**TRY IT**
Where the data below has the string "with", return the whole line.

[Collected data entries]
■ ■ ■ ■
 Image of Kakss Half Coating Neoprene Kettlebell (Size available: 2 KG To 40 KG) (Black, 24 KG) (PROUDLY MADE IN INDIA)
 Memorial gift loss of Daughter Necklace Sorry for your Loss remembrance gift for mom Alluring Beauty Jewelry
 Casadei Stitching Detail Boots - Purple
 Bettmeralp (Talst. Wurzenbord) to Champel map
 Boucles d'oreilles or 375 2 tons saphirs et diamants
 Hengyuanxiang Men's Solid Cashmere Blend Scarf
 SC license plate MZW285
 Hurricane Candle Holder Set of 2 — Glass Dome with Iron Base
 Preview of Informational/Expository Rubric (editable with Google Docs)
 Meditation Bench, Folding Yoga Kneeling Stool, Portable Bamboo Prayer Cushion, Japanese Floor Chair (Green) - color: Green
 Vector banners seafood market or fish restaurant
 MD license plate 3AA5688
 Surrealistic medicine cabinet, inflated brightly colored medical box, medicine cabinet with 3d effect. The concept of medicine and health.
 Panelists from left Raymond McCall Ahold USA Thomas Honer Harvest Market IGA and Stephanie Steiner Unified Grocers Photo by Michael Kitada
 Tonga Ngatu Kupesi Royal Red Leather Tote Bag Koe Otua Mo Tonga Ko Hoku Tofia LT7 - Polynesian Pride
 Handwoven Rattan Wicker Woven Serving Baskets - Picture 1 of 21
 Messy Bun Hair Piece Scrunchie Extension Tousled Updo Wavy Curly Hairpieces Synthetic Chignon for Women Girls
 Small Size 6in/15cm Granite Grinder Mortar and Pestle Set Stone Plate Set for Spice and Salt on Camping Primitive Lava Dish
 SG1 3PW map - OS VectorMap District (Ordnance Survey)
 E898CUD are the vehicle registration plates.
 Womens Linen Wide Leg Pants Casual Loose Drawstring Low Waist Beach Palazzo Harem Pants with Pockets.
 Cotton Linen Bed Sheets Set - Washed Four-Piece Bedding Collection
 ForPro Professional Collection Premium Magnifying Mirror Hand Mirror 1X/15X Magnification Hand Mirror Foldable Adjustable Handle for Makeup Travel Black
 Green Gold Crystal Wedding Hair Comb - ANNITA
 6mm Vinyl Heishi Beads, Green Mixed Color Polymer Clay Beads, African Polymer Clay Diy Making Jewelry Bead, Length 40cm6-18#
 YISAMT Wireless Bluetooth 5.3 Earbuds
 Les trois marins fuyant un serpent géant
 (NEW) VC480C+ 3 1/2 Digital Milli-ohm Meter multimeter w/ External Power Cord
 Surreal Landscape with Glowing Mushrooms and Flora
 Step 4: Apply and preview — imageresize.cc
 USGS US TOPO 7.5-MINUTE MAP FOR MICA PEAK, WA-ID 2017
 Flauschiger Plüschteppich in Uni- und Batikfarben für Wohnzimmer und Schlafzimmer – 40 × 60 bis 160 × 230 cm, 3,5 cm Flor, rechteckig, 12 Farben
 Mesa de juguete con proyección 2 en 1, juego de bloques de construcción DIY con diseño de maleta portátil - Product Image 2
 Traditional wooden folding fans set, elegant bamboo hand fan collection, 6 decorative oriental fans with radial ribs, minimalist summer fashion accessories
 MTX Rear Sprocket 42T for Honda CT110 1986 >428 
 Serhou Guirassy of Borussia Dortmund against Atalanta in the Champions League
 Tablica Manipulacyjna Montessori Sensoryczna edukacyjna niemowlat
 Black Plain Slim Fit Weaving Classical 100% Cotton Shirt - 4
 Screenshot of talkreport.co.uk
■ ■ ■ ■
**RESULT**
 Hurricane Candle Holder Set of 2 — Glass Dome with Iron Base
 Preview of Informational/Expository Rubric (editable with Google Docs)
 Surrealistic medicine cabinet, inflated brightly colored medical box, medicine cabinet with 3d effect. The concept of medicine and health.
 Womens Linen Wide Leg Pants Casual Loose Drawstring Low Waist Beach Palazzo Harem Pants with Pockets.
 Surreal Landscape with Glowing Mushrooms and Flora
 Traditional wooden folding fans set, elegant bamboo hand fan collection, 6 decorative oriental fans with radial ribs, minimalist summer fashion accessories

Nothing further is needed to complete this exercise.